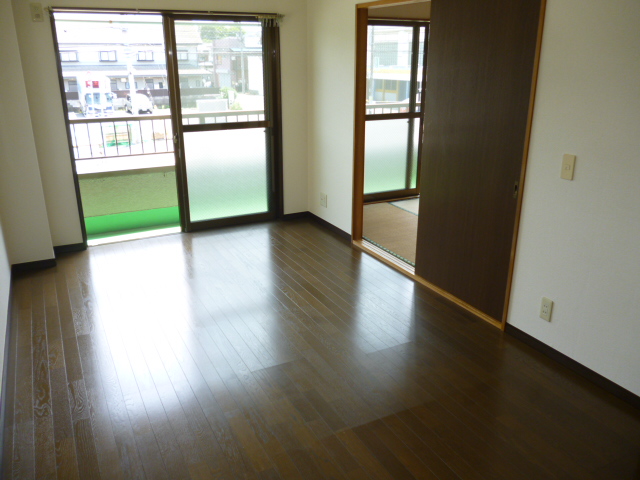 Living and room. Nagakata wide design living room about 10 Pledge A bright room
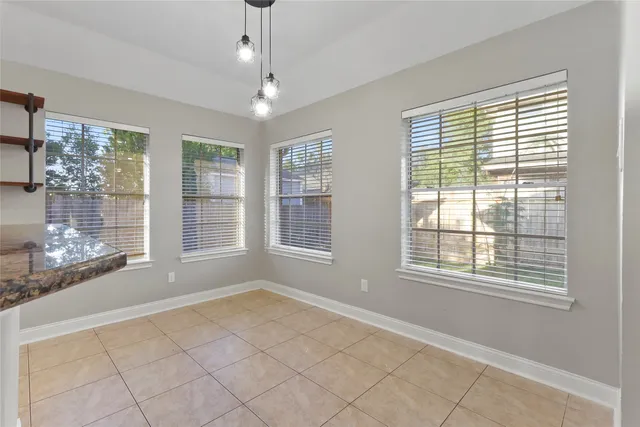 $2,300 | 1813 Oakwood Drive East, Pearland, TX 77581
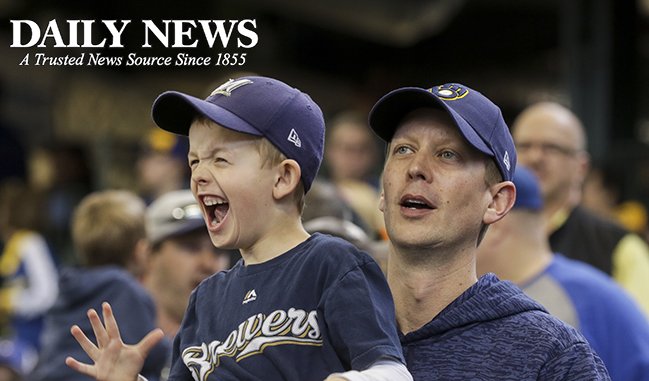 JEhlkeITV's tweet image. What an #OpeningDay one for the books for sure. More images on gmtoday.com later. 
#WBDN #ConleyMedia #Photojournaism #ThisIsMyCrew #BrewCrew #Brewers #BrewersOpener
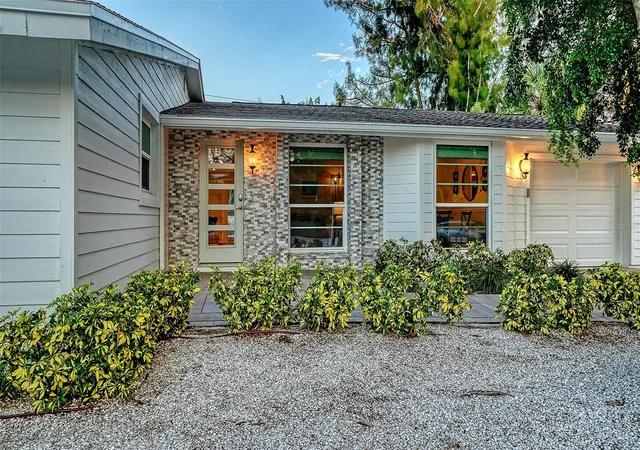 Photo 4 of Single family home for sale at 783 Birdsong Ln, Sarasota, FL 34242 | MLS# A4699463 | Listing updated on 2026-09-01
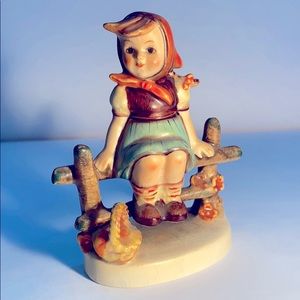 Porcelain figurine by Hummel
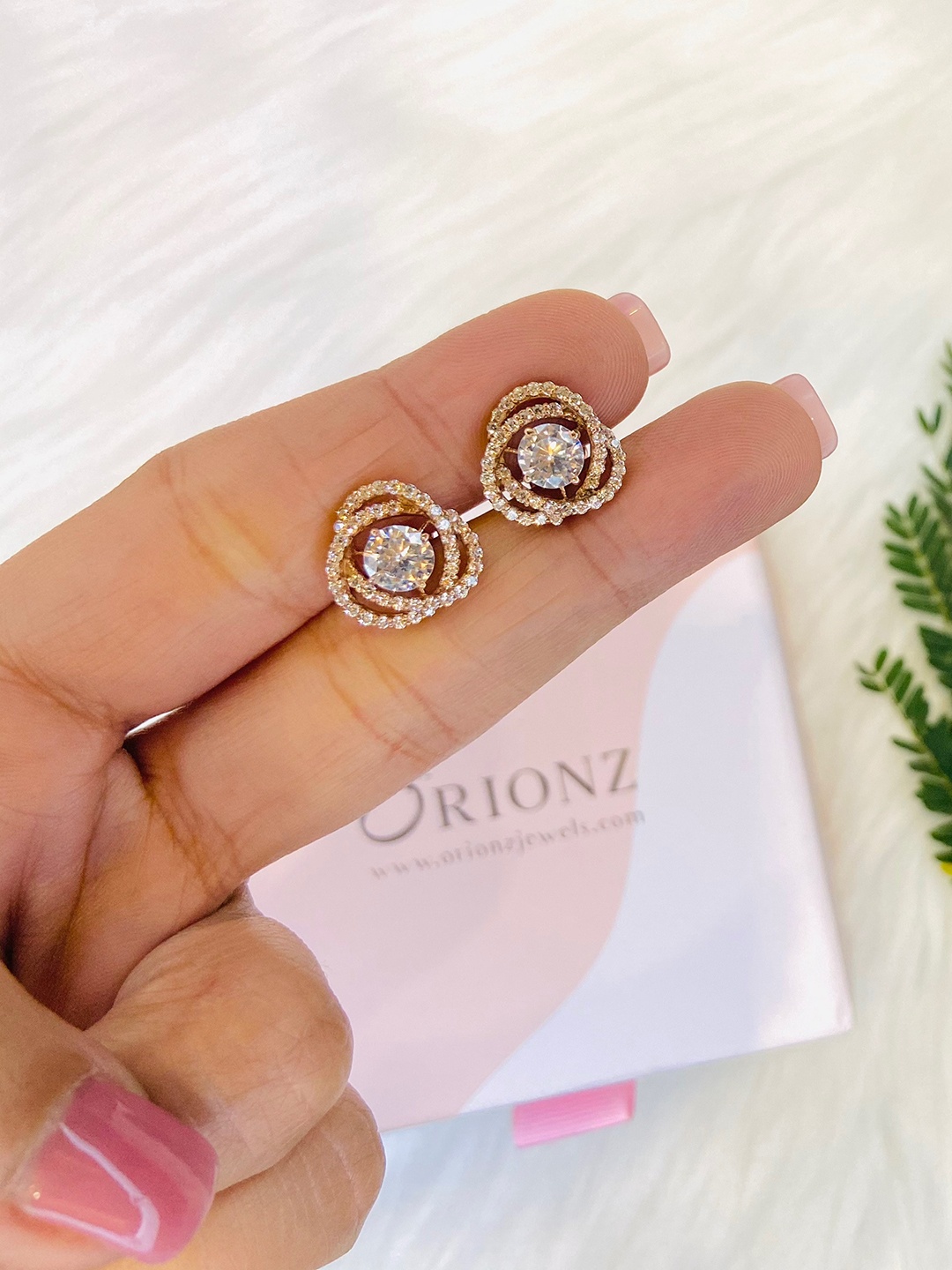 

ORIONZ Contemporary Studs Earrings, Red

▸ Work instruction: Begin at the line containing "#WBDN #ConleyMedia #Photojournaism" and extract every line through the end of the records, inclusive, exactly and only; omit pictures.

▸ Exercise answer:
#WBDN #ConleyMedia #Photojournaism #ThisIsMyCrew #BrewCrew #Brewers #BrewersOpener
 Photo 4 of Single family home for sale at 783 Birdsong Ln, Sarasota, FL 34242 | MLS# A4699463 | Listing updated on 2026-09-01
 Porcelain figurine by Hummel

ORIONZ Contemporary Studs Earrings, Red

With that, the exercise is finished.